It stars Hussain Kuwajerwala, Gauahar Khan, Kashmira Irani, Sadanand Patil and Arjun Fauzdar. A special preview was held on the inauguration of the Kingdom of Dreams, entertainment and leisure destination on 18 September 2010. Music is composed by leading Bollywood composers, Shankar–Ehsaan–Loy, the story, screenplay and dialogues are by Javed Akhtar, Dance direction and choreography by Shiamak Davar, costumes by Neeta Lulla while stunt direction by Alan Amin and also employs a crew of 250 people.

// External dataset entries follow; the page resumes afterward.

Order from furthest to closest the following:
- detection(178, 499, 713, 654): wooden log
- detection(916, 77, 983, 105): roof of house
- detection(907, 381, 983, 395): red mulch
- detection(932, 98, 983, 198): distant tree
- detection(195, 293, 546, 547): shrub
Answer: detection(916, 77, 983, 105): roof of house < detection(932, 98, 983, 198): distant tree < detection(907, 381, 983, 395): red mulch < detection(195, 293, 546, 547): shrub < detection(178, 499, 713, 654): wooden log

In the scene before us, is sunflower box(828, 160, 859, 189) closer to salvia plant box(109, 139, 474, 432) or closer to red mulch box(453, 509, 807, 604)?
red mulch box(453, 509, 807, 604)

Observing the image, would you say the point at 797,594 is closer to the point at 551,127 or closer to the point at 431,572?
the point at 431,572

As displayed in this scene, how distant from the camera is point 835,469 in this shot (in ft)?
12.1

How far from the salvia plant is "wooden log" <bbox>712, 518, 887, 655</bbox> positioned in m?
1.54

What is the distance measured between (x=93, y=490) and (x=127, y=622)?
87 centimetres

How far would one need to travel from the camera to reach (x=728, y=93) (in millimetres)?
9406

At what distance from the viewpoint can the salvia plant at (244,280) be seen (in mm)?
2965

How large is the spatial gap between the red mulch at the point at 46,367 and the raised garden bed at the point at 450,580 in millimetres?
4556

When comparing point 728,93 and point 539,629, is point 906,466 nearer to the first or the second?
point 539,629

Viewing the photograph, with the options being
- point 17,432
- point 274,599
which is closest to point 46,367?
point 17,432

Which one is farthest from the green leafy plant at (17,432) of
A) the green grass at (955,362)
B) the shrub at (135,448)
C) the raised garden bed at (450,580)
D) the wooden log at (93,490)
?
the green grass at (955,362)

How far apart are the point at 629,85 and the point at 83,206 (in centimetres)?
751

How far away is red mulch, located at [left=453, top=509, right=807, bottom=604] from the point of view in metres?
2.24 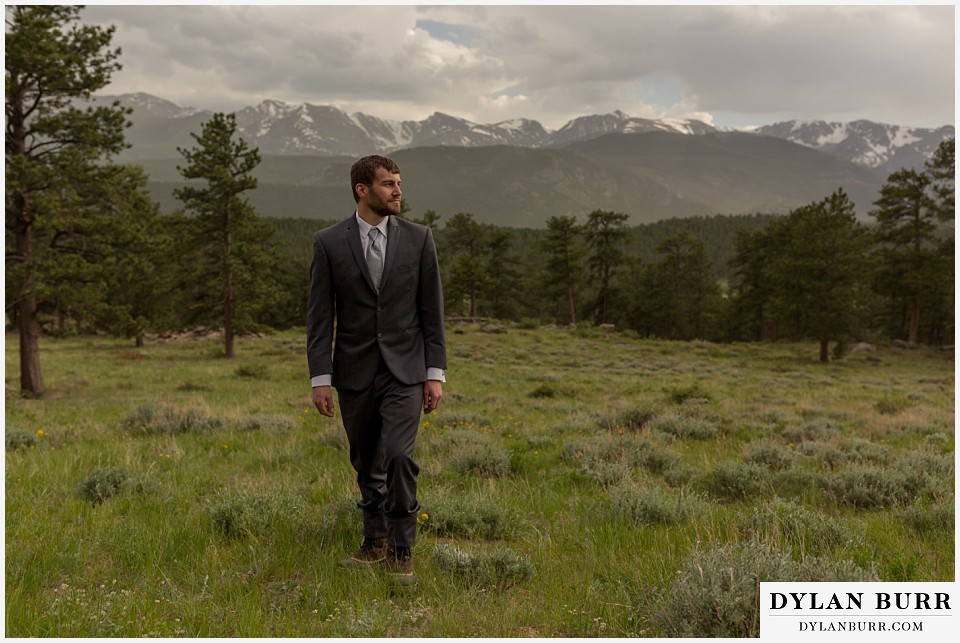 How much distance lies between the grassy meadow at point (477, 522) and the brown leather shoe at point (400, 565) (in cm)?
9

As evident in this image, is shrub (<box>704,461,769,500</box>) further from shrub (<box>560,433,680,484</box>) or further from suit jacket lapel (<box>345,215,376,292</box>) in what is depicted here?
suit jacket lapel (<box>345,215,376,292</box>)

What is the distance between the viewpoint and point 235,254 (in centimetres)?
3109

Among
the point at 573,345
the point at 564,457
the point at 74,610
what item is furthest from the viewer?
the point at 573,345

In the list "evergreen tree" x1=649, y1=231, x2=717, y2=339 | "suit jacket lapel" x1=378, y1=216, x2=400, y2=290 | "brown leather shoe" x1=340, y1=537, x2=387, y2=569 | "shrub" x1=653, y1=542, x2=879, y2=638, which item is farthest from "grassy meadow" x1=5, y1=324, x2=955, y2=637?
"evergreen tree" x1=649, y1=231, x2=717, y2=339

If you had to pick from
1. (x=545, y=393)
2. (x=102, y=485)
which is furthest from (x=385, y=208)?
(x=545, y=393)

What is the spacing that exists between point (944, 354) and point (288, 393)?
44642 mm

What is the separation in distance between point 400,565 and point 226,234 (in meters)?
32.0

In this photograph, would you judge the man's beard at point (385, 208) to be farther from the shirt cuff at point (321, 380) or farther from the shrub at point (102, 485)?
the shrub at point (102, 485)

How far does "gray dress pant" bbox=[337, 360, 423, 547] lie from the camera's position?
3797 millimetres

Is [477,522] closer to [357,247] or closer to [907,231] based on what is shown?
[357,247]

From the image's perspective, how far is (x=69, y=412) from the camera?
41.6ft

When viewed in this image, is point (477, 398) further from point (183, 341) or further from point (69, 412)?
point (183, 341)

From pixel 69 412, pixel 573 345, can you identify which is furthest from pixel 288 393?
pixel 573 345

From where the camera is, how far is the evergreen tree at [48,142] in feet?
48.8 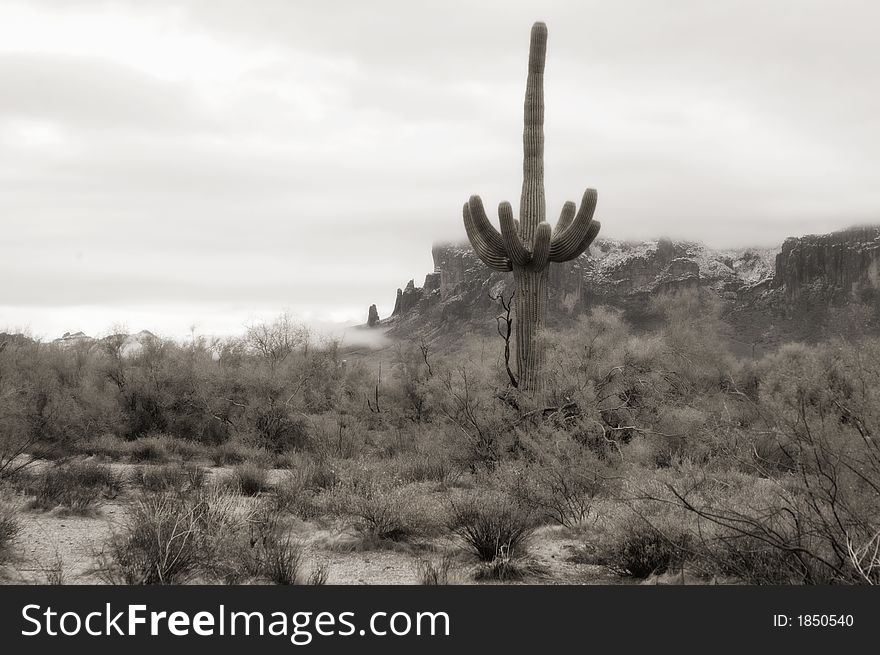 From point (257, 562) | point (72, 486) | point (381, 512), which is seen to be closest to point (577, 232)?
point (381, 512)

The cast was part of the launch of the 2010 Commonwealth Games’ official theme song, Jiyo Utho Bado Jeeto by composer A R Rahman, and later the 2010 Commonwealth Games opening ceremony.

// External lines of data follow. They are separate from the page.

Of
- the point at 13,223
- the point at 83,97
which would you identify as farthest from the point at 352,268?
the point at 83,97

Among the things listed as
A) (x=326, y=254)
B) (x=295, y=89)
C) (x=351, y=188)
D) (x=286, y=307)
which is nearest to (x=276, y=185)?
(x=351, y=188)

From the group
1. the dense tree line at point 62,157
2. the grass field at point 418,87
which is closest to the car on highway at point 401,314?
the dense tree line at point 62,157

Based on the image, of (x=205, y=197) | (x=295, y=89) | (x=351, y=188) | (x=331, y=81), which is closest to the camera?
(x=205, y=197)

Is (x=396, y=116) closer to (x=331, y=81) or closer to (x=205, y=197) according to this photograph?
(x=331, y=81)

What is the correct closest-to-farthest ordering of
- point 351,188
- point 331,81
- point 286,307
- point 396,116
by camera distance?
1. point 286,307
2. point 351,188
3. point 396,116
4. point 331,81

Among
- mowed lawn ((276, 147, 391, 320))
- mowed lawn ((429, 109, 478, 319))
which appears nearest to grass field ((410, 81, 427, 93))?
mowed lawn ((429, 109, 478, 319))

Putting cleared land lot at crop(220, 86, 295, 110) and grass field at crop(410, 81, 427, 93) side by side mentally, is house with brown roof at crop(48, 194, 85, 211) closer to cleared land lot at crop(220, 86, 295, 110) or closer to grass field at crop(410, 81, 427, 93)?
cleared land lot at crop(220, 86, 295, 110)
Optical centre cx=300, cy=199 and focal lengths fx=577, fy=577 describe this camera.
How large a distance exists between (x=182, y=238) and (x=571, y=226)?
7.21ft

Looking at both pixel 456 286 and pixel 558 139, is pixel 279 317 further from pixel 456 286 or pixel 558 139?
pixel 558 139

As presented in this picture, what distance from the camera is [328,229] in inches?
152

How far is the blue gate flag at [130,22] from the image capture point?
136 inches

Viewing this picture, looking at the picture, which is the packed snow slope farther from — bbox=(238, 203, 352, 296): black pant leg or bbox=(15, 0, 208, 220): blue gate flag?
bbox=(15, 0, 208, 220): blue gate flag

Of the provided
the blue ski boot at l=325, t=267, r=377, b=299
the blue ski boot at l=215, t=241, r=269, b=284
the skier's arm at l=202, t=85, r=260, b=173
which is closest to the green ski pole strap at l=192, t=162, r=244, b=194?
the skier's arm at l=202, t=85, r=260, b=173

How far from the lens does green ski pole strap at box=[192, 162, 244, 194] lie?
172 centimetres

In June 2013, the musical completed over 1000 successful shows at Nautanki Mahal, Gurgaon.

==Cast==
- Zangoora - Hussain Kuwajerwala/Vishay Singh / Rachit Bahal / Pankaj Sharma / Md. Shahidur
- Lachi - Gauahar Khan/Annukampa Harsh/Rachaittri Gupta
- Sonali - Kashmira Irani/Rea Krishna/Sukhmani Lamba/Suparna Moitra/Karamjeet Madonna
- Sanga - Sushil Kumar
- Zorawar - Sadanand Patil/Nitin Goel
- Daulatrai - Sanjeev Ahuja / srikant
- Todarmal - Manoj Rajput / sushil Sharma
- Chambuti - Padamshree C R / Nidhi Mishra
- Jaalpa- / Hema Bisht / Nidhi Mishra
- Manglu - Arjun Fauzdar

==Crew==
- Story & Screenplay: Javed Akhtar
- Music: Shankar–Ehsaan–Loy
- Choreography: Shiamak Davar & Glen D'Mello
- Costumes: Neeta Lulla
- Art Direction & Production Design: Omung Kumar, Vanita Kumar
- Dialogues: Anindita Menon
- Background Score: Nikhil Koparde

==Music==
The soundtrack of the musical has been composed by Bollywood composing trio, Shankar–Ehsaan–Loy. Apart from special songs, the musical also included 20 hit Bollywood songs like "Pehla Nasha Pehla Khumar" (Jo Jeeta Wohi Sikandar), "Baware Baware" (Luck by Chance), "Choli Ke Peeche Kya Hai" (Khalnayak) and "Mehbooba Mehbooba" (Sholay).